--- Source material Enclosed Below ---

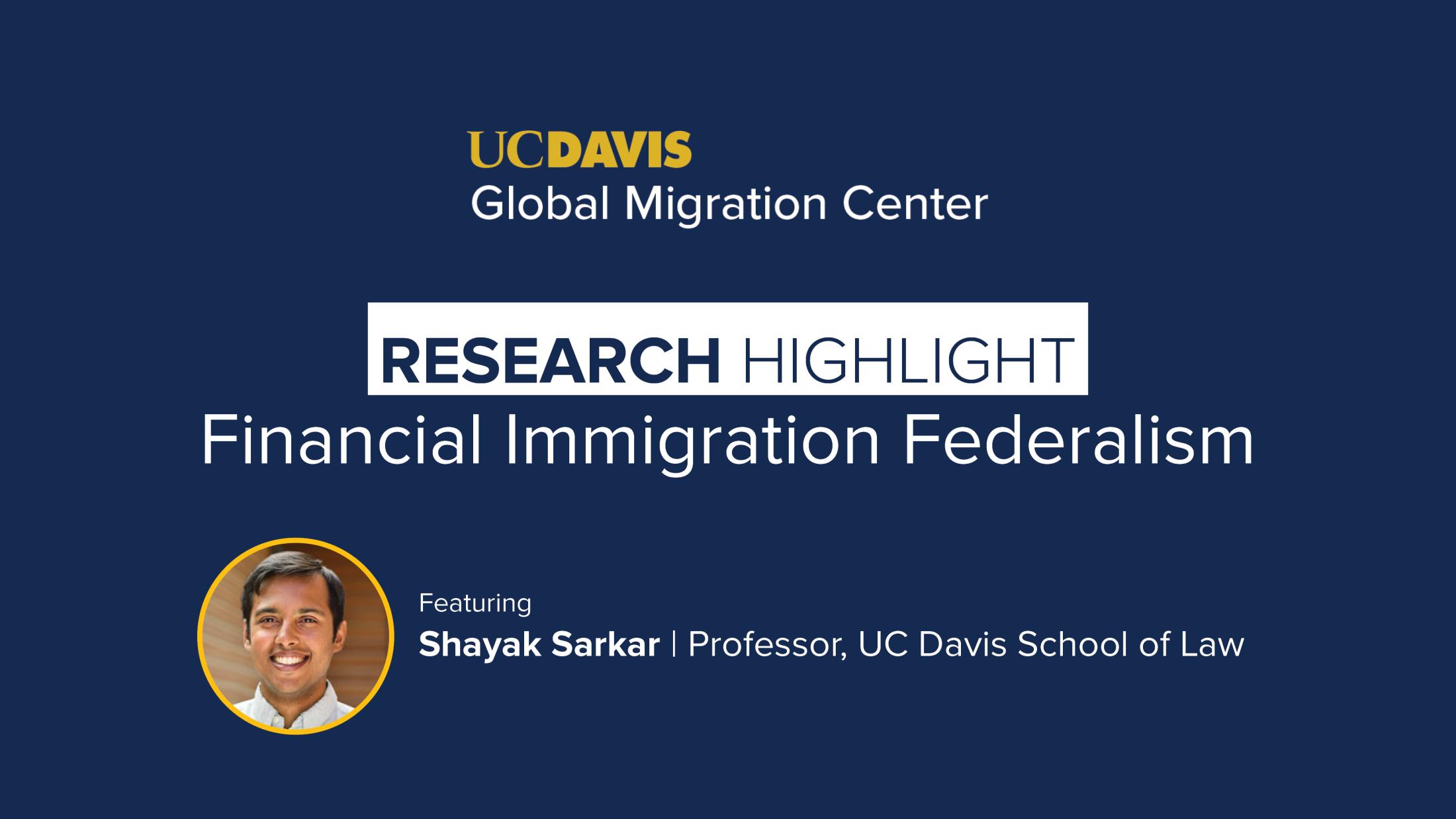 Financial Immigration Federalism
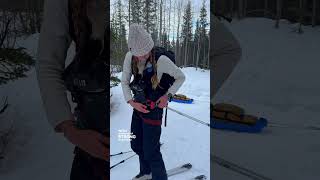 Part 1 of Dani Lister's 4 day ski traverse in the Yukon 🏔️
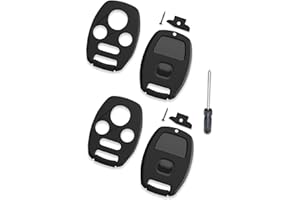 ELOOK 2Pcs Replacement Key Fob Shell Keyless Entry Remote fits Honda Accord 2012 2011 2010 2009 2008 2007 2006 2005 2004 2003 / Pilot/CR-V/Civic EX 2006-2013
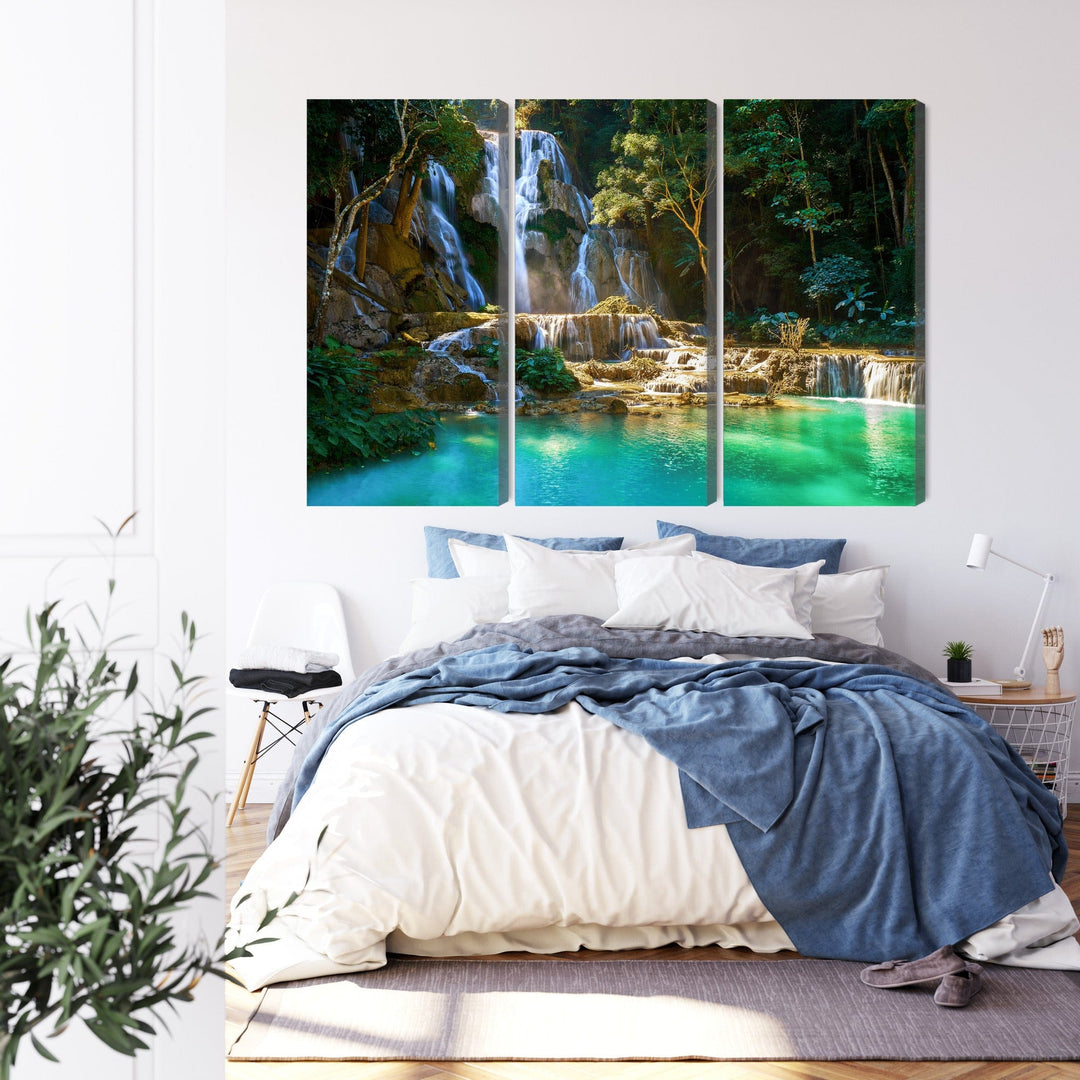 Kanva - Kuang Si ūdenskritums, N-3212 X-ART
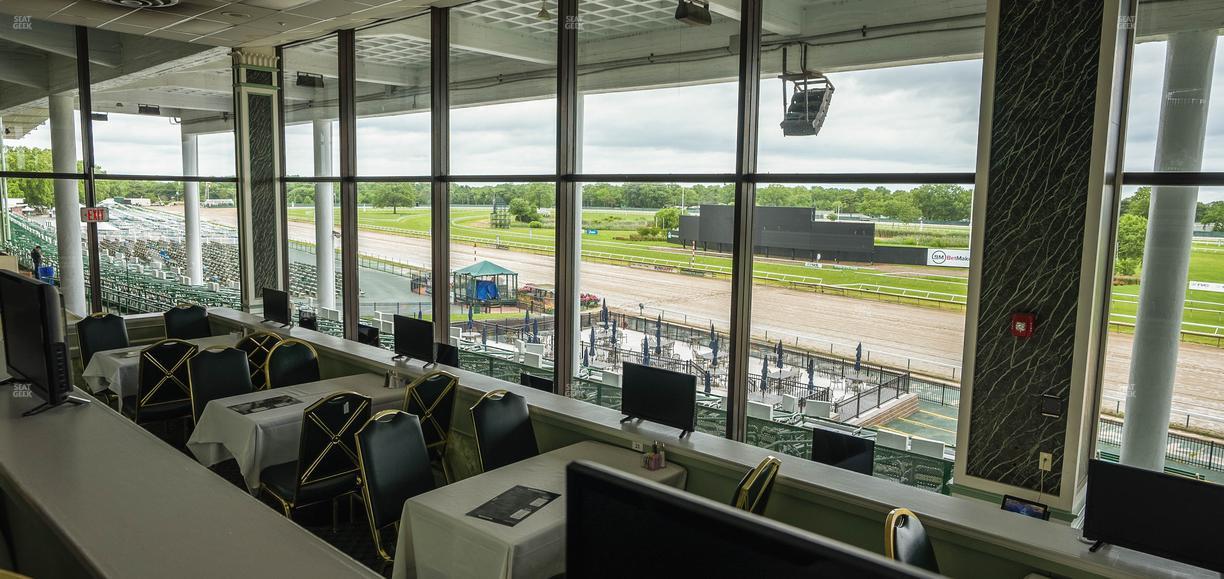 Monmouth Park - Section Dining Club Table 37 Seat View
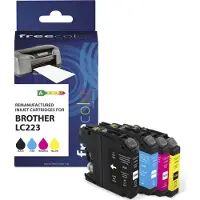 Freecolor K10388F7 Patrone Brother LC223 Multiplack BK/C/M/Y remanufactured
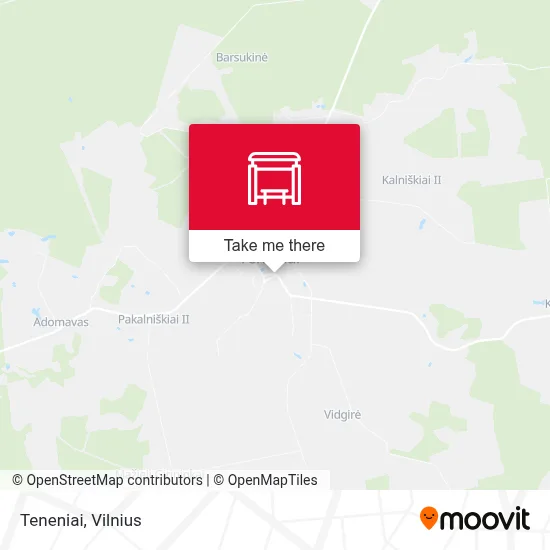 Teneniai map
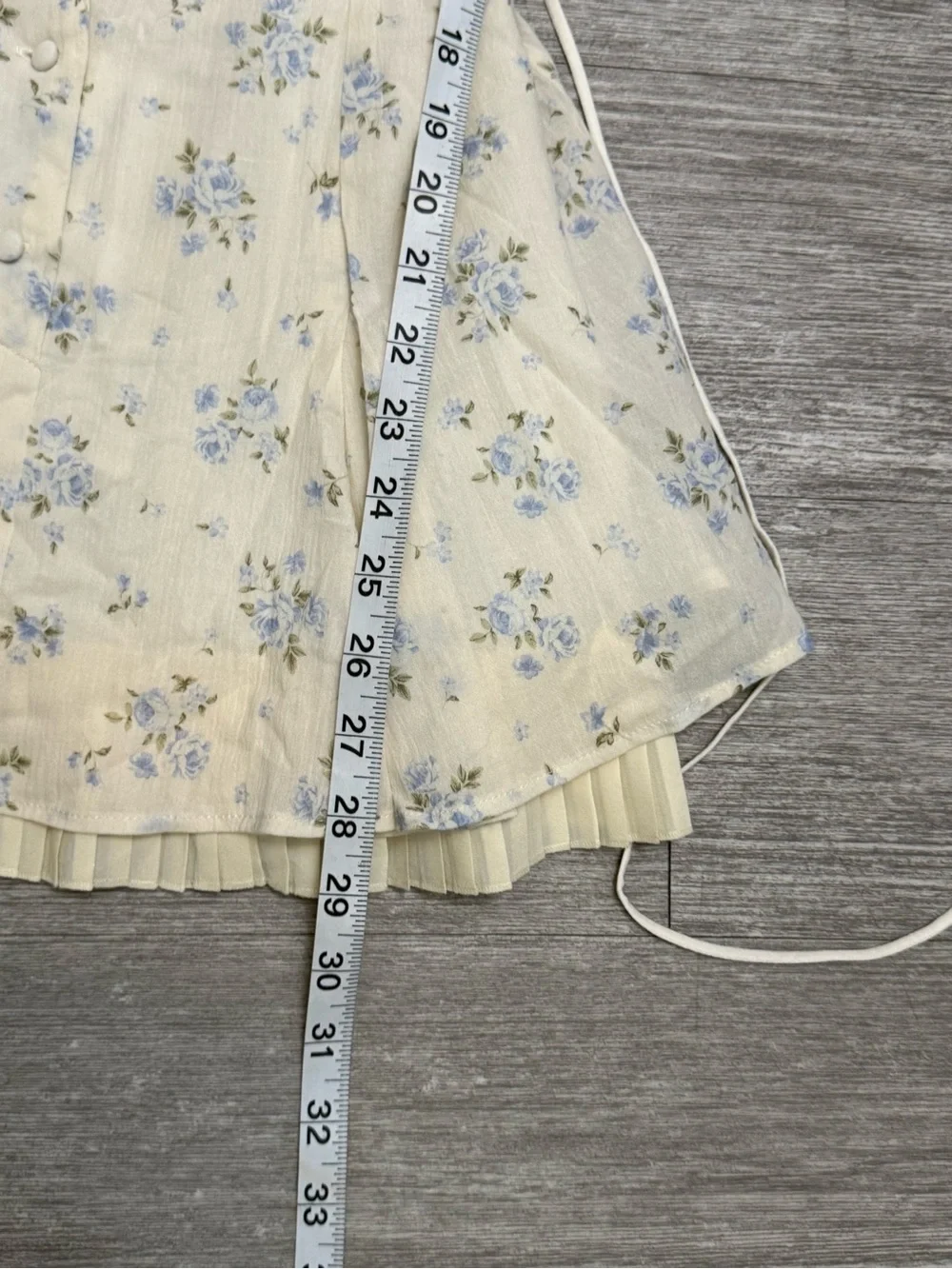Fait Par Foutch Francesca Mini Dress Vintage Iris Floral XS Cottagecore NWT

--- End of Enclosed Source material ---

Try it:
Given the listing above, return exactly, and only, the lines from the line with "Freecolor K10388F7 Patrone" through its final line, both included, with the pictures removed.

Task answer:
 Freecolor K10388F7 Patrone Brother LC223 Multiplack BK/C/M/Y remanufactured
 Teneniai map
Fait Par Foutch Francesca Mini Dress Vintage Iris Floral XS Cottagecore NWT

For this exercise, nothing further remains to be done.